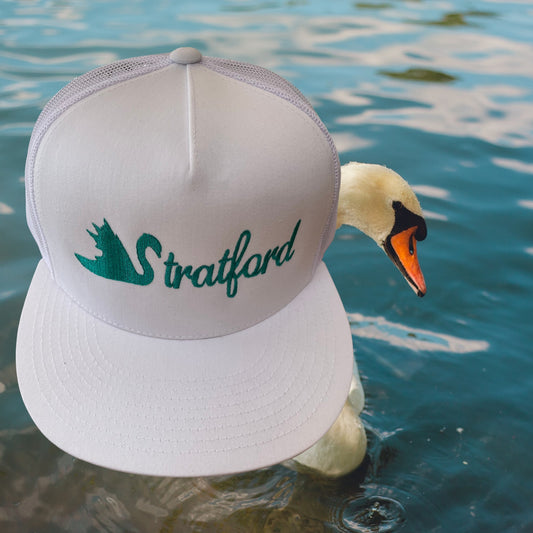 Stratford Embroidered Swan Truckers Baseball Cap Headwear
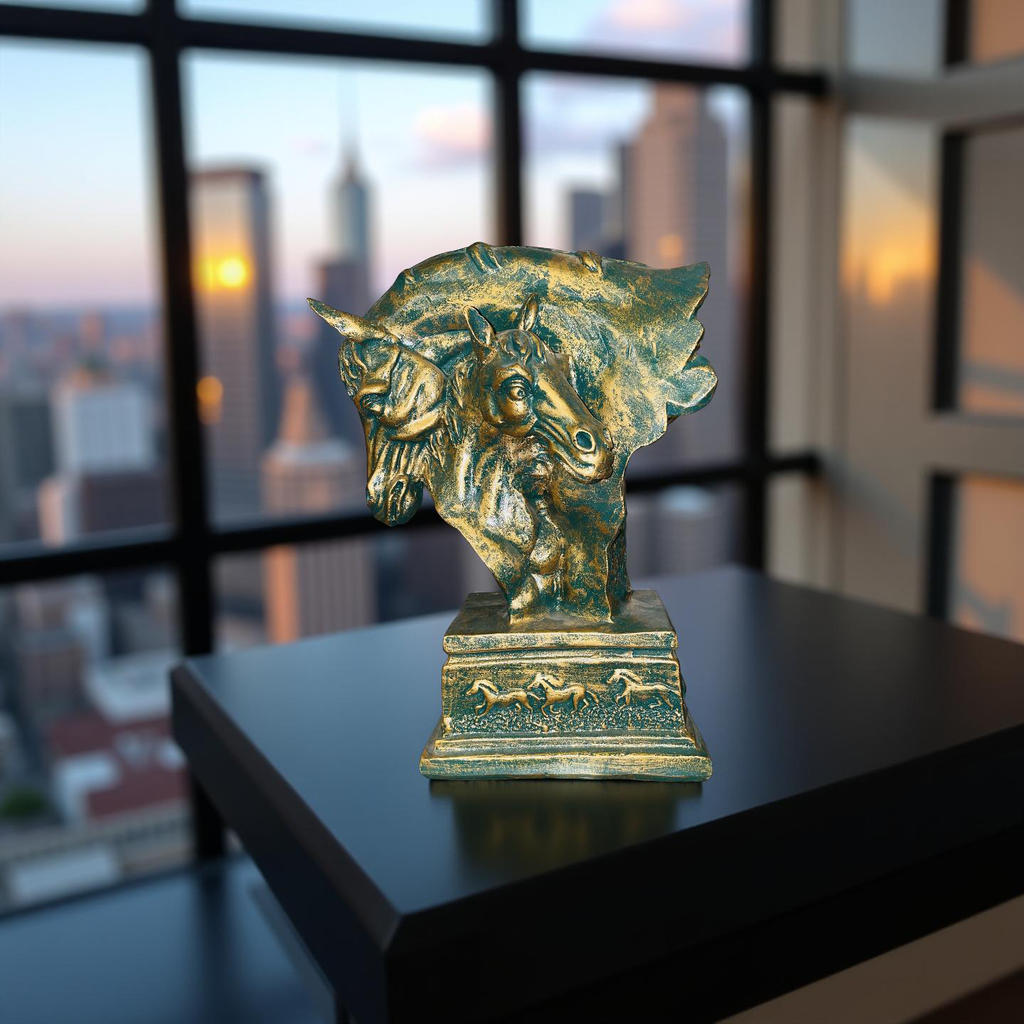 Golden Bond – Twin Stallions Elegance Sculpture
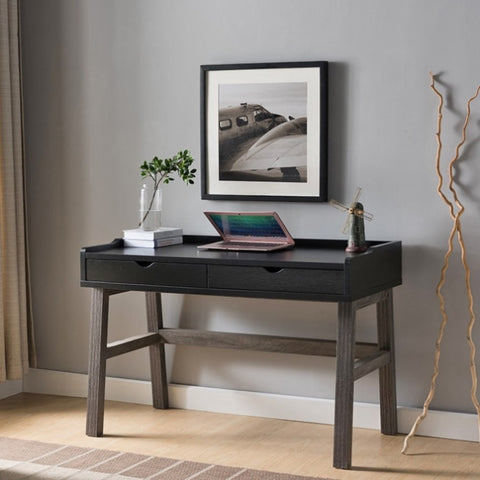 ZUN Writing Desk, Laptop Home Office Desk with Two Storage Drawers Black & Distressed Grey B107130852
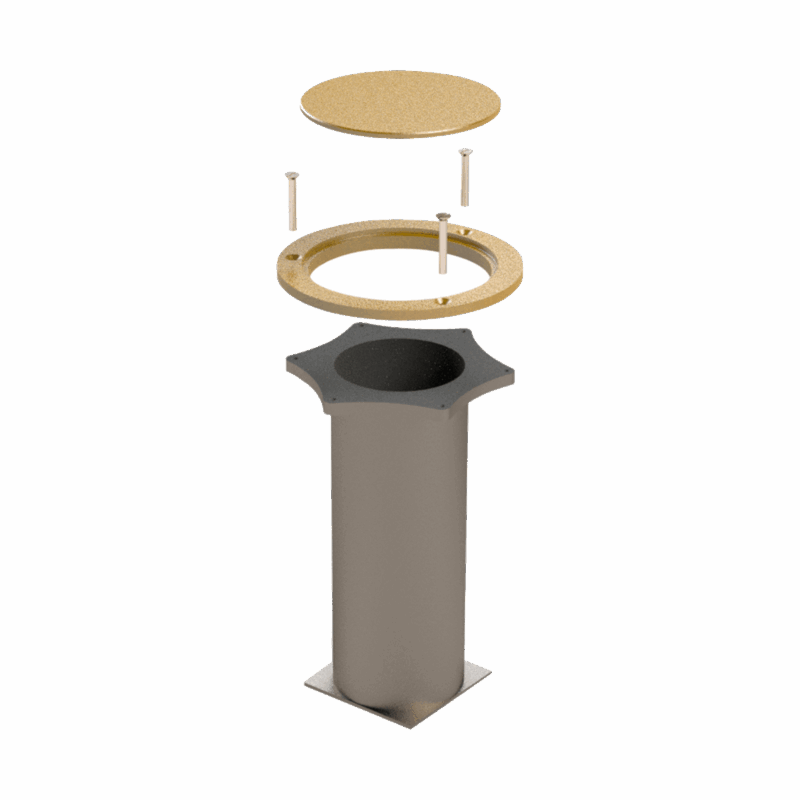 Casquillo con brida, anillo de latón y tapa ø 100 mm - Schelde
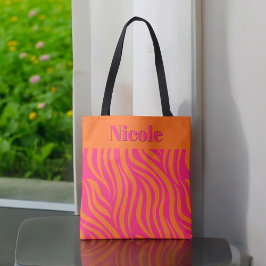 Klar Hot Pink och Orange Abstrakt med Namn Tygkasse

──────────

Try it – Where a record holds a picture, leave the picture out and restate the rest word for word.

Expected answer –
 Stratford Embroidered Swan Truckers Baseball Cap Headwear
 Golden Bond – Twin Stallions Elegance Sculpture
 ZUN Writing Desk, Laptop Home Office Desk with Two Storage Drawers Black & Distressed Grey B107130852
 Casquillo con brida, anillo de latón y tapa ø 100 mm - Schelde
 Klar Hot Pink och Orange Abstrakt med Namn Tygkasse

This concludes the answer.